KAMTO BEHAVED LIKE CHAMISA AND ODINGA
CAMEROON holds some dubious records, and these came to the fore last weekend.
Paul Biya is Africa’s oldest president. At 85, he is looking to extend his 36-year rule. Before Zimbabweans removed president Robert Mugabe from power last year, he was the second eldest.
Having run the country since 1982, his time in office is second only to Equatorial Guinea’s Teodoro Obiang Nguema Mbasogo.
The ominous parallels between Cameroon and Zimbabwe went beyond the age and tenure of the incumbent president.
Some of their presidential candidates tend to speak irresponsibly before results are announced. Biya’s challenger was Maurice Kamto.
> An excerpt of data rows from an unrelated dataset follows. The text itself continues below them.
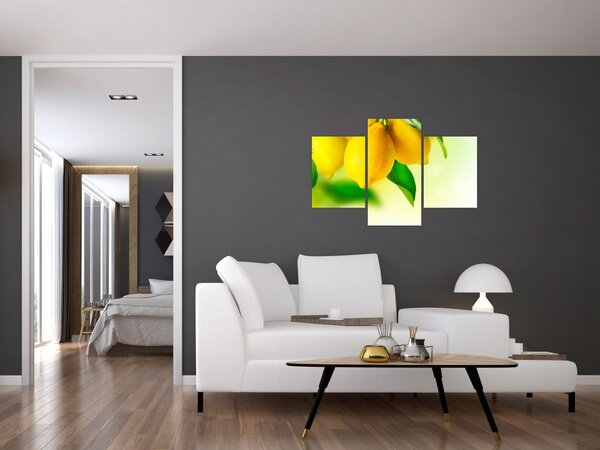 Tablou cu lămâi (90x60 cm)
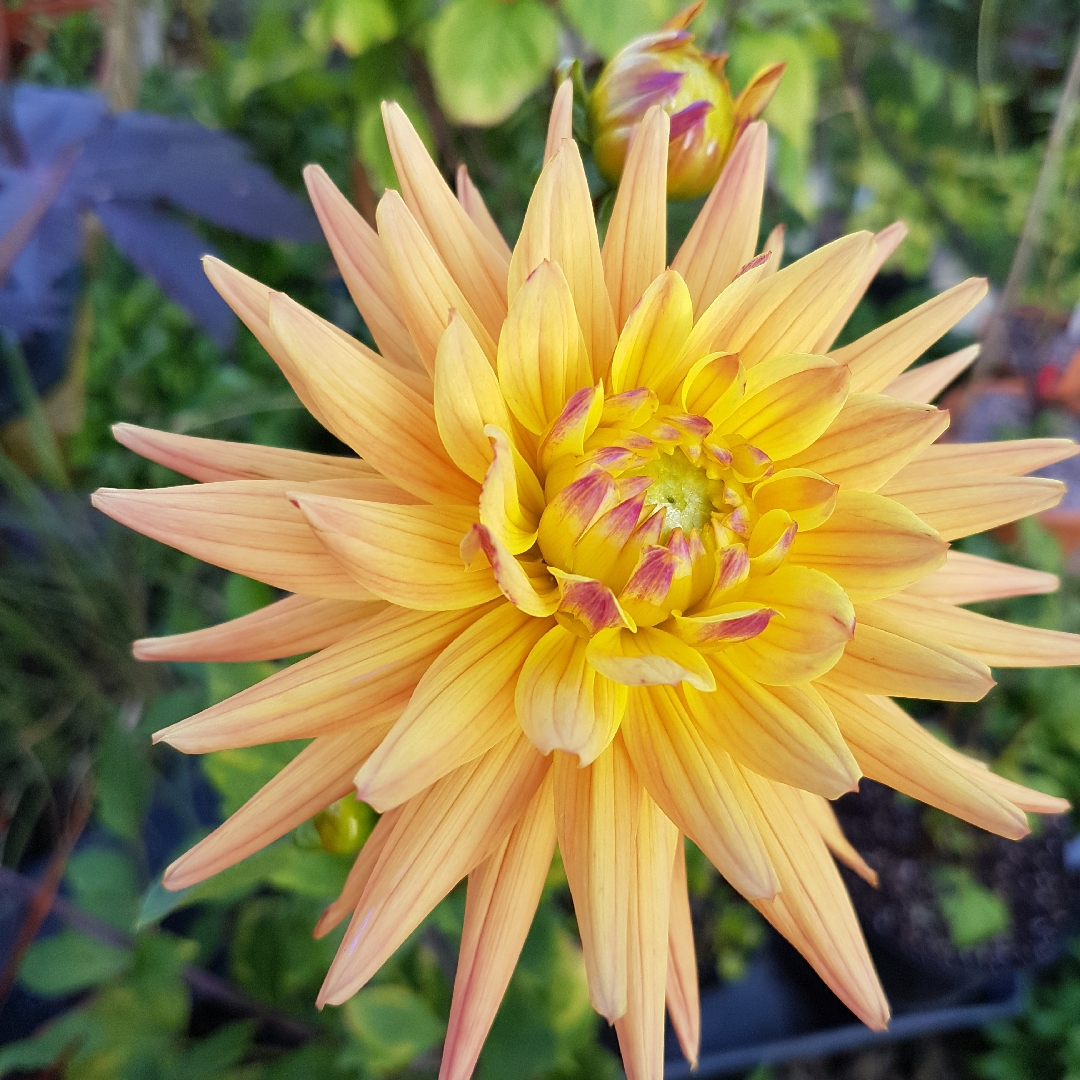 Dahlia Karma Corona in the GardenTags plant encyclopedia Dahlia Karma Corona (Semi-cactus) in the GardenTags plant encyclopedia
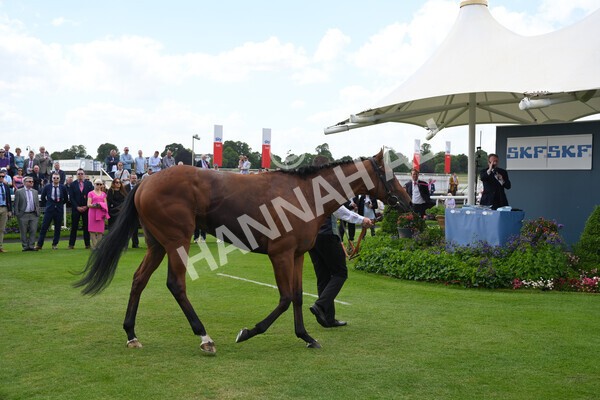 yr10062022r2-63 - Race 2 2.30pm SKF Rous Selling Stakes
Just as Nelson Chamisa of the MDC Alliance (and Raila Odinga in Kenya) prematurely claimed victory, he, at a media conference on Monday, a day after the poll, told the “outgoing president to organise a peaceful way to transfer power”.
In a normal and peaceful country, these would have been innocuous utterances to boost Kamto’s confidence. But in a country with the political temperature of Cameroon, they were reckless.
As an outsider, one cannot dismiss what could be a legitimate claim to victory or the right to challenge the election results; my last visit to Douala was in 2012.
Still, Cameroon faces one of its toughest revolutions, and if Kamto fancies his presidential chances he should act accordingly.
Protesters in the Anglophone regions of the country are demanding a separate state, Ambazonia.
Are they justified? It is not my place to say. However, the fatal demonstrations have in the past pushed the government to shut down the internet or social media – just like Mugabe’s Zimbabwe. Luckily, President Biya’s government left the internet alone this time.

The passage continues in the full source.